Innovation through organisation-wide agility
Organisations that can gain insights from Big Data and implement them quickly will be the ones that thrive over the foreseeable future. This was one of the key messages from the EMC Forum in Dublin.
The last few years, since recession hit in 2008, have seen the fastest transformation of IT in business in the last 25 years, according to Fidelma Russo, senior vice president, enterprise storage division, EMC.
The speed of this change was unprecedented, according to Russo, and this was due to the economic difficulties being global, dramatic and spreading fast. Organisations had little time to react and operational inefficiencies that were tolerable previously became intolerable very quickly.
“Usually you don’t get all of these influences at the same time,” said Russo.
“Things went in at the expense of efficiency in order to push the top line growth,” said Russo, which resulted in inefficient IT infrastructure. However, there then followed an efficiency drive but with a strong curb on spending.
Now, the focus is still firmly on efficiency, but also on innovation and intelligence.
“The more that you can innovate, the more that you can compete and succeed,” Russo asserted.

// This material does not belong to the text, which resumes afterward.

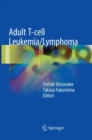 Image for Adult T-cell Leukemia/Lymphoma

The organisations who have figured out cloud and Big Data, and how they fit for their business, are able to make decisions quicker, to exploit new opportunities, argued Russo. However, adoption rates for Big Data are still, low especially in Ireland, as a survey of forum attendees confirmed.
Despite the fact that more than three quarters (79%) of respondents said decisions in their organisation could be improved with a better use of data, a third of the 145 surveyed have no current plans for implementing Big Data technology, with budget (67%) as the most common inhibitor, followed by the lack of a business case or return on investment (58%).
Russo agreed that adoption was still low, but was confident of its increasing usage.
Looking back a few years ago, cloud was the same, Russo argued, as businesses were unsure as to how to use. Now, it is well established and businesses are enjoying the benefits.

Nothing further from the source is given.